Even as the world is gearing up to celebrate world human rights day on December 10, in India the National Human Right Commission (NHRC) is gearing up to take cognisance of a very bizarre allegation. If news reports are to be believed, the commission has asked its Director General (Investigation) to collect facts and submit a report, within eight weeks, on the alleged killing of two army men in Jammu & Kashmir due to mistaken identity. The commission's direction is in response to a complaint filed by one Shri Akhand, representing an organization called the India Media Centre based at Puri, Odisha.


The facts, as given out by the media, relate to a case of two army teams mistaking one another to be militants and opening fire, which led to the unfortunate death of two soldiers – Sepoy Ghulam Rasool Sheikh of a Rashtriya Rifles unit and Abdul Rauf, a driver of the Territorial Army. Lodging of a complaint of this nature is within the law and the democratic right of citizens; what needs closer scrutiny is the nature of the complaint, the organization from where it has emerged, the treatment given to the same by the media, and finally the action initiated on the complaint by the NHRC.

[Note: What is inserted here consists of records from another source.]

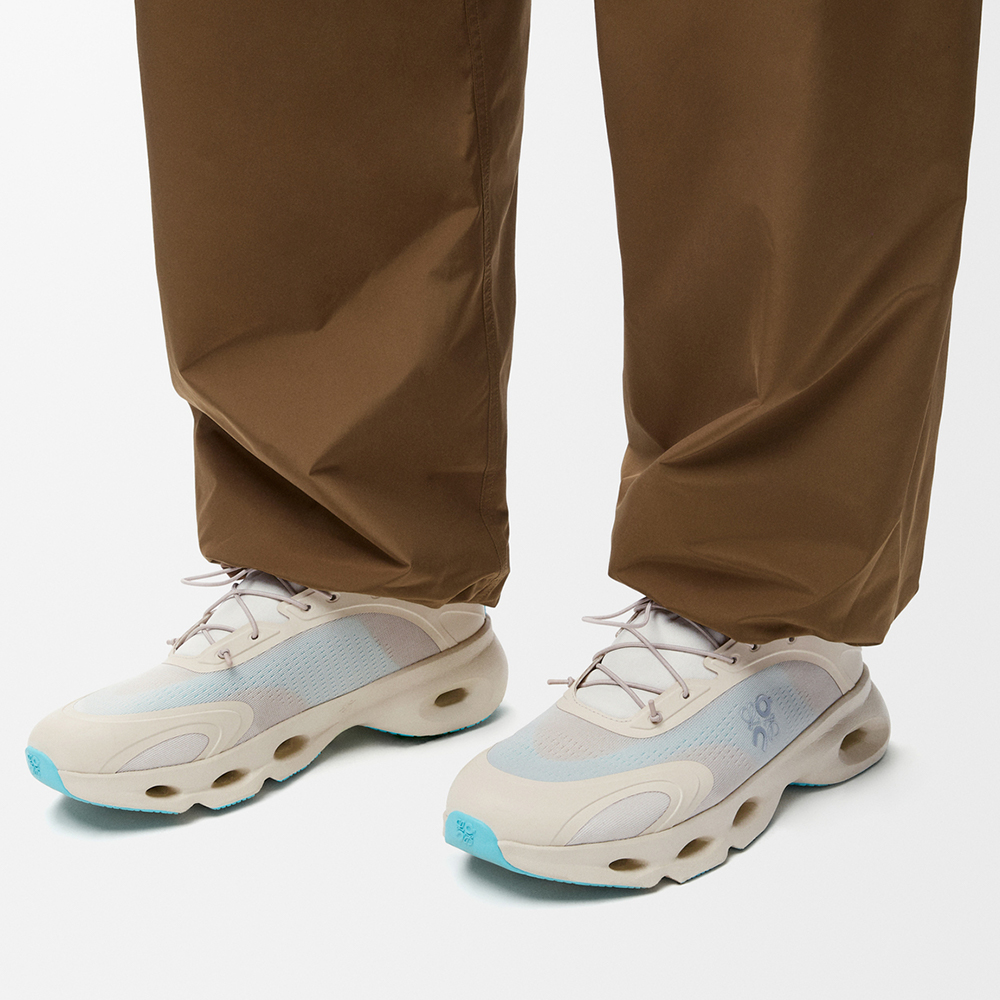 Loewe x ON Cloudsolo Low-Top Sneakers Sand/Turquoise Men – voilà.id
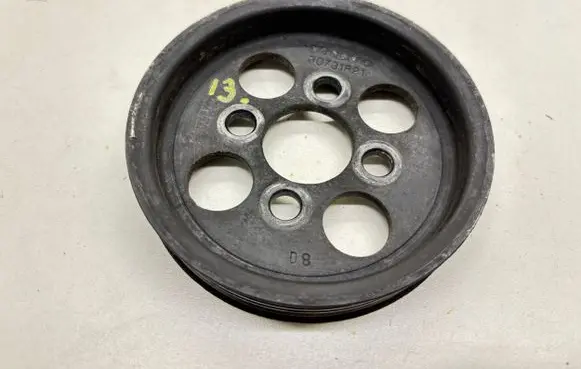 Volvo S80 Power steering pump pulley 30731821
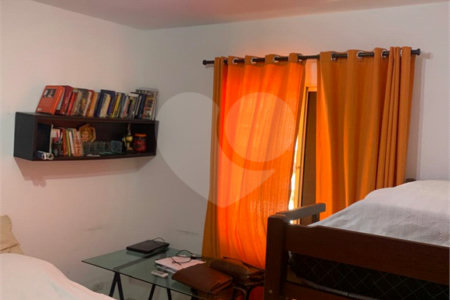 Apartamento à venda com 2 quartos, sendo 1 suíte,  em Canto do Forte, Praia Grande, SP
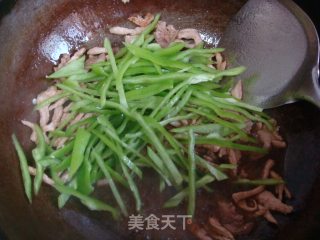 肉丝尖椒炒拉皮的做法步骤：6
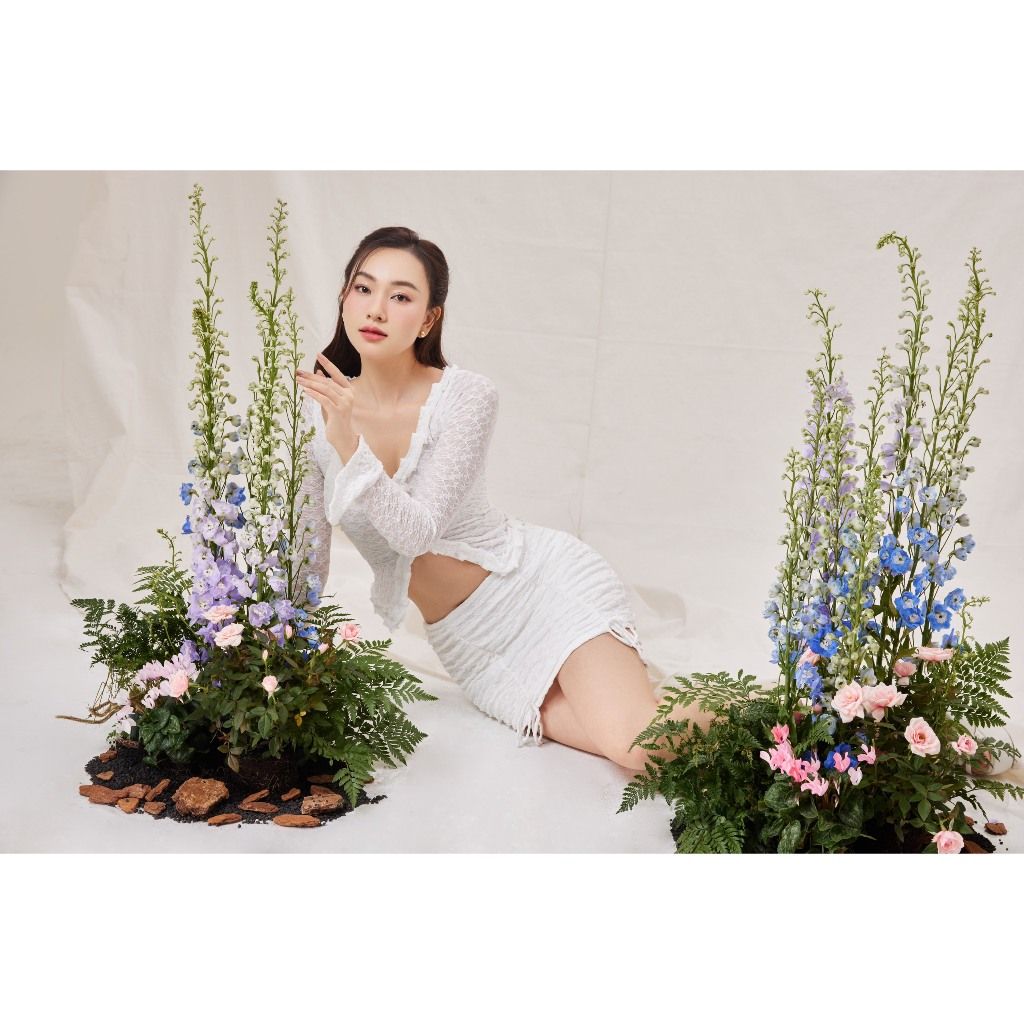 Set Áo Tay Dài Ren Hoa Phối Chân Váy Cạp Trễ Nhún (bán lẻ) - PERLIE SET - GOÛT DE JUN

The circumstances of the complaint give rise to a number of questions – why lodge a complaint of this nature on the unfortunate death of two army soldiers who belong to Jammu & Kashmir when cases of mistaken identity have earlier also been reported during counter insurgency operations in the State and other parts of the country? Such regrettable incidents happen in times of conflict due to what is called the fog of war, so why special importance to this particular instance?


Why has an Odisha-based entity, which describes itself as a voluntary development organisation providing products and services like blood donation camps, health camps, cultural activities and what it terms as “mankind activities”, taken up this particular case when it has many important matters to attend to in its immediate neighbourhood? Why has the media coverage of the report come predominantly from such media sources that are known to have a tilt towards the separatist movement in Jammu & Kashmir or have recently been bad mouthing the army? 


An answer to these questions suggests a motivated reason behind the whole episode. One cannot but feel the whole thing has been orchestrated to show the Indian army in bad light and create controversy where none exists. Amidst this mad rush to derive some perverse benefit from the distressing incident, the martyrdom of the two soldiers is being trivialized.


Looking at the situation in totality, one would not be wrong in suggesting that sustained use of the army in counter terrorist operations is a gross human rights violation in itself. The soldiers who enrolled with the noble sentiment of guarding their country from external threats do not like the idea of staying perpetually in counter terrorist operations. If the NHRC wishes to take cognisance of human right violations against Indian soldiers, it should address the matter in its entirety and not limit its investigations to the death of two soldiers. The question would then arise as to what possible compensation can be given to the Indian soldier for this perpetual state of human rights violation that he is being afflicted with?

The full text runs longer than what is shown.